What this task involves: For this exercise, print the listing below exactly, without its pictures.

Material shown:
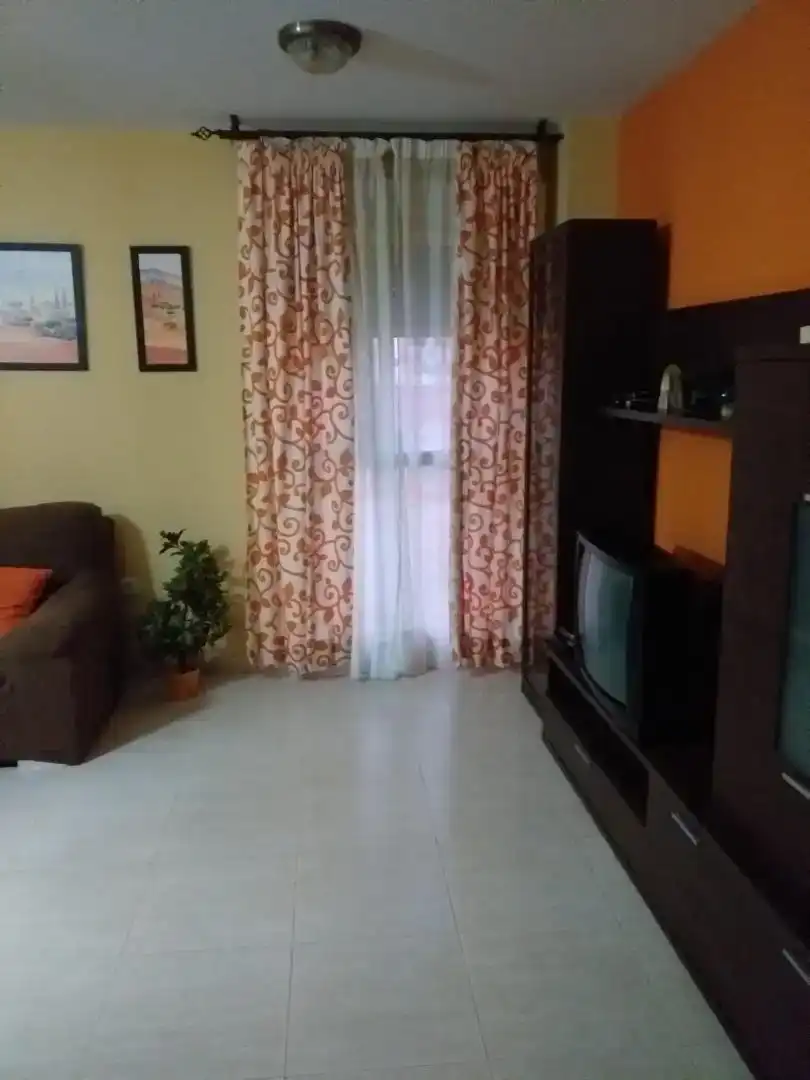 Wohnzimmer von Wohnung zur Miete in Badajoz Capital mit Klimaanlage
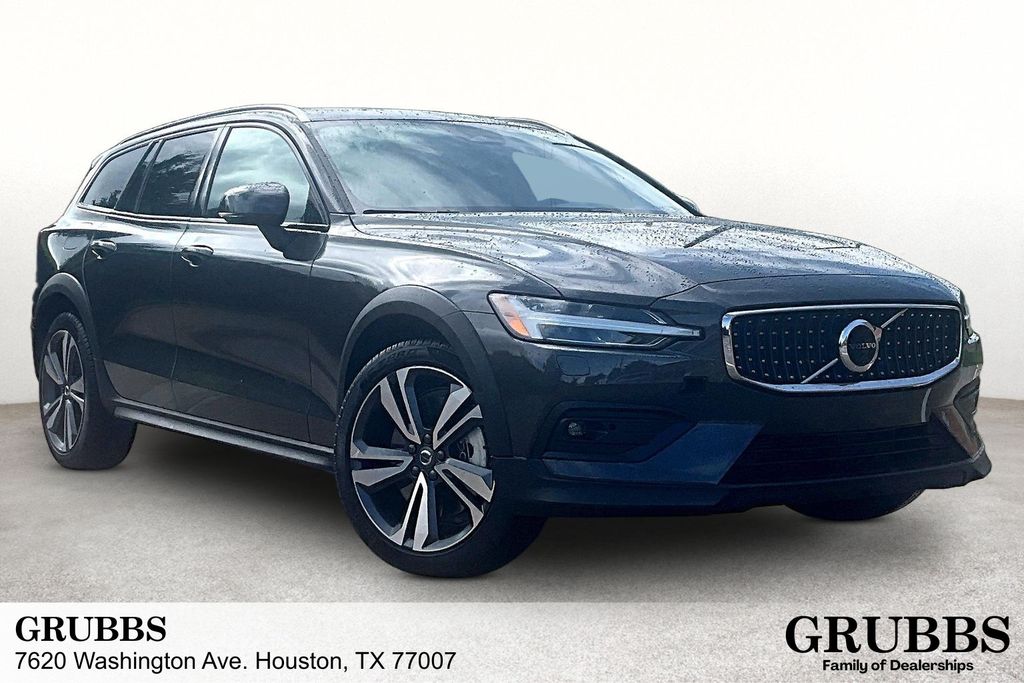 2025 Volvo V60 Cross Country B5 Plus AWD's photo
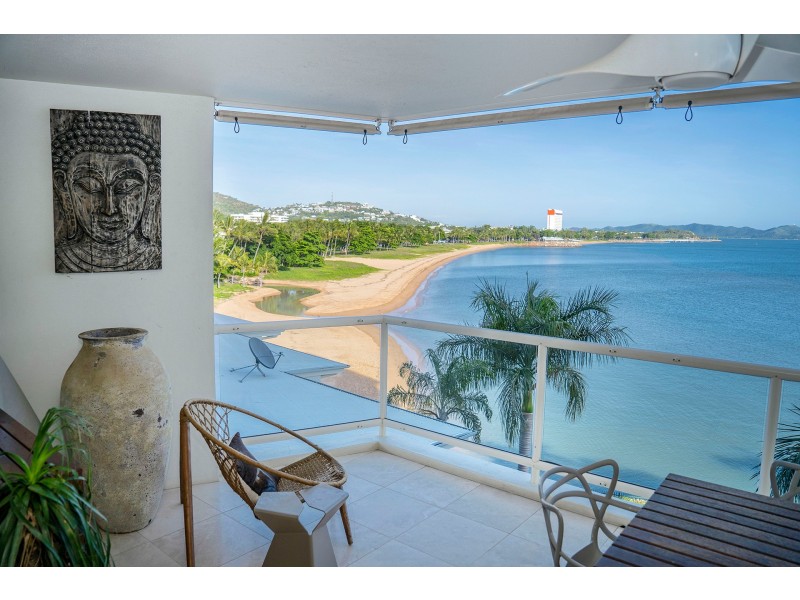 49/7 Mariners Drive, Townsville City QLD 4810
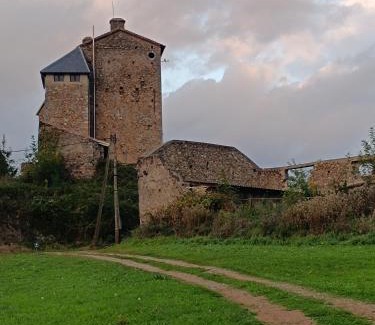 Montegut Bed & Breakfast | Chateau Montegut Logis Rustique des Pyrénées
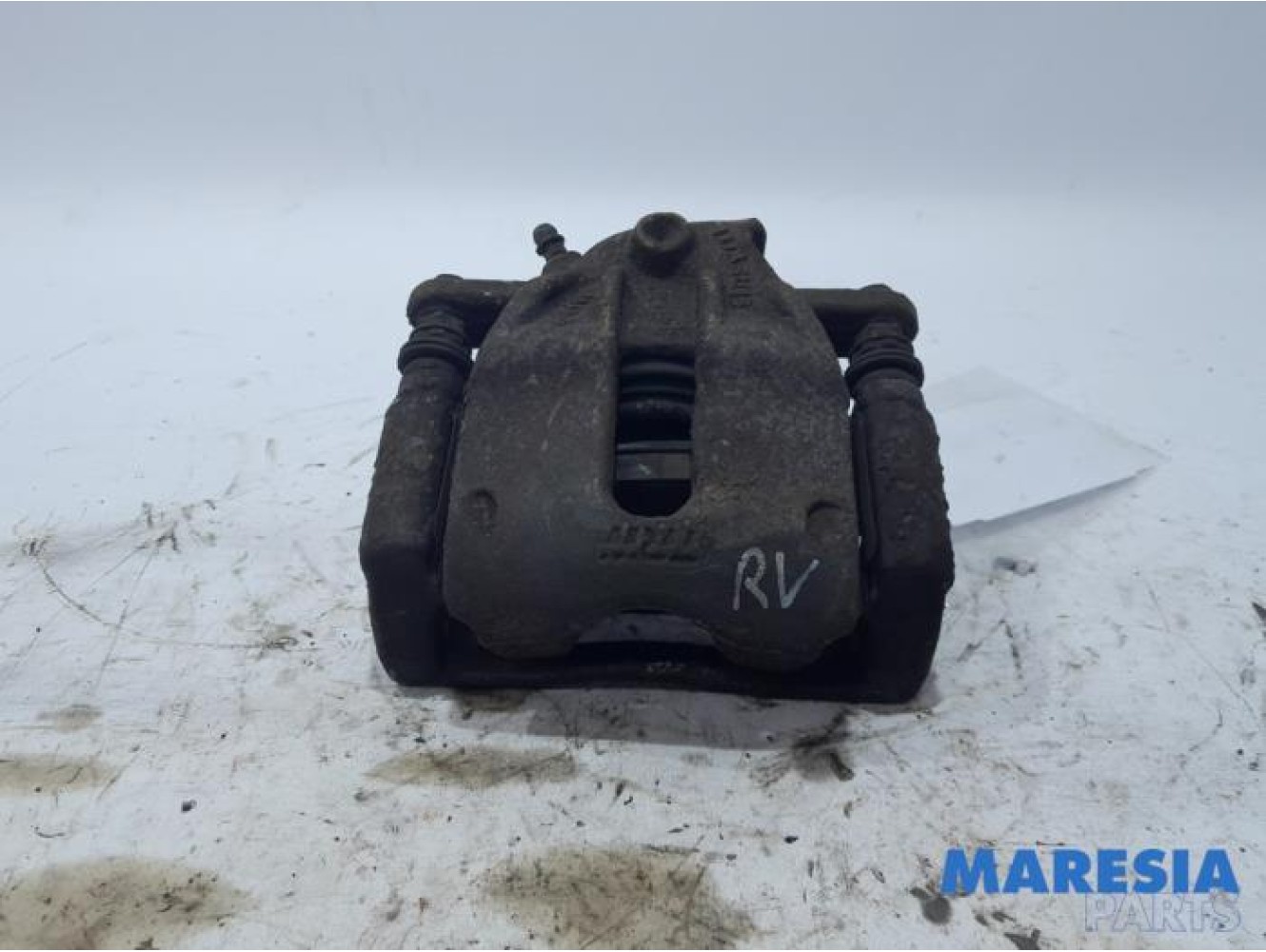 Renault - Clio - Front brake calliper, right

Answer to this problem:
 Wohnzimmer von Wohnung zur Miete in Badajoz Capital mit Klimaanlage
 2025 Volvo V60 Cross Country B5 Plus AWD's photo
 49/7 Mariners Drive, Townsville City QLD 4810
 Montegut Bed & Breakfast | Chateau Montegut Logis Rustique des Pyrénées
 Renault - Clio - Front brake calliper, right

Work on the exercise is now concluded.